17 Ağustos depremi, bu güven duygusunu sonsuza kadar sarstı. Sıradan, hiç bir tehlike işareti algılamadığımız bir geceye uyuyup, kıyamet hikayelerinde anlatılana benzer bir sabah uyanabileceğimizi hatırlattı bize.
O sıcak ve nemli günün sonunda güneş batarken, her şey gayet sıradan görünüyordu. Sıcaktan kaçanların meydana çıkması ile etraf hareketlendi. Çocuklar bisikletleriyle sokakta turladılar. Sporcu gençler yan sitenin takımı ile yaptıkları maçtan ter içinde döndüler. Apartmanlardan kızartma kokuları yükseldi. Yurt dışındaki üniversiteden kabul yazısını alan doktora öğrencisi, kendini çok önemli hissetti . Hoşlandığı delikanlının arkadaşına çıkma teklif ettiğini öğrenen zayıf kız, 'İntihar etsem pişman olurlar aslında ' diye düşündü. İş yerindeki direktöre sinirlenen bankacı, 'Hayatım boyunca değerimi bilen çıkmayacak mı?' diye veryansın etti. Genç doktor, kaygı içinde ilk gece nöbetini tutmaya hazırlandı. Titiz anne, ev terliği ile çöp dökmeye giden kocasına öfkelendi.

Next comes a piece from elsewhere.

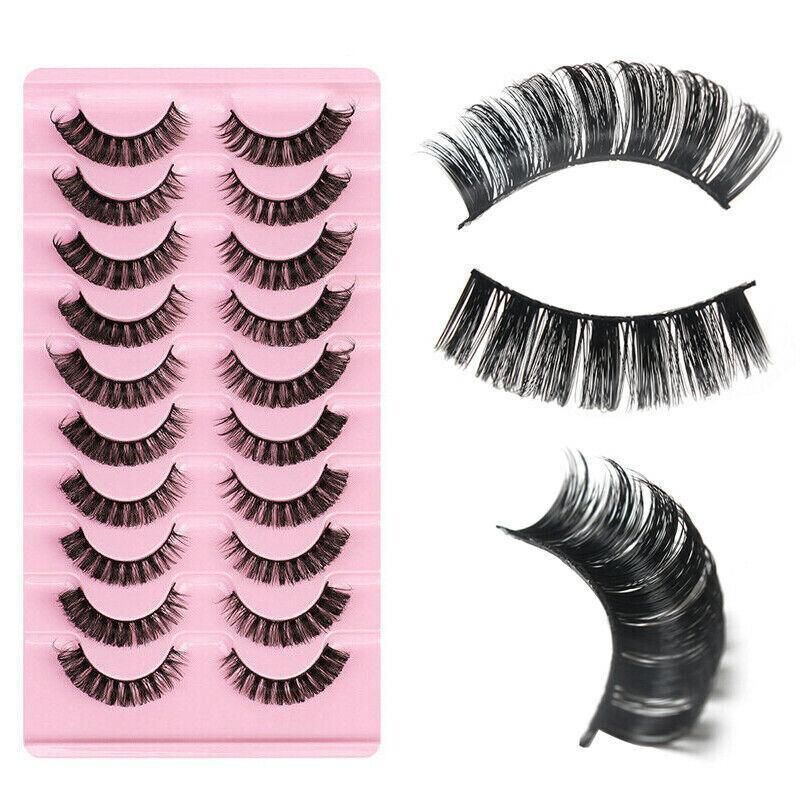 10 Pairs Russian D-Curl Mink False Eyelashes - Full & Curled - DH06-05 โ image 3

Akşam geceye bağlanırken, kızlar, delikanlılar, bankacılar, öğrenciler, anneler, gelinler ve enişteler, şortlarını, askılı geceliklerini giydiler, kafalarını meşgul eden irili ufaklı planları, dertleri, mutlulukları, kırgınlıkları rüyalarında biraz daha düşünmek üzere uykuya daldılar.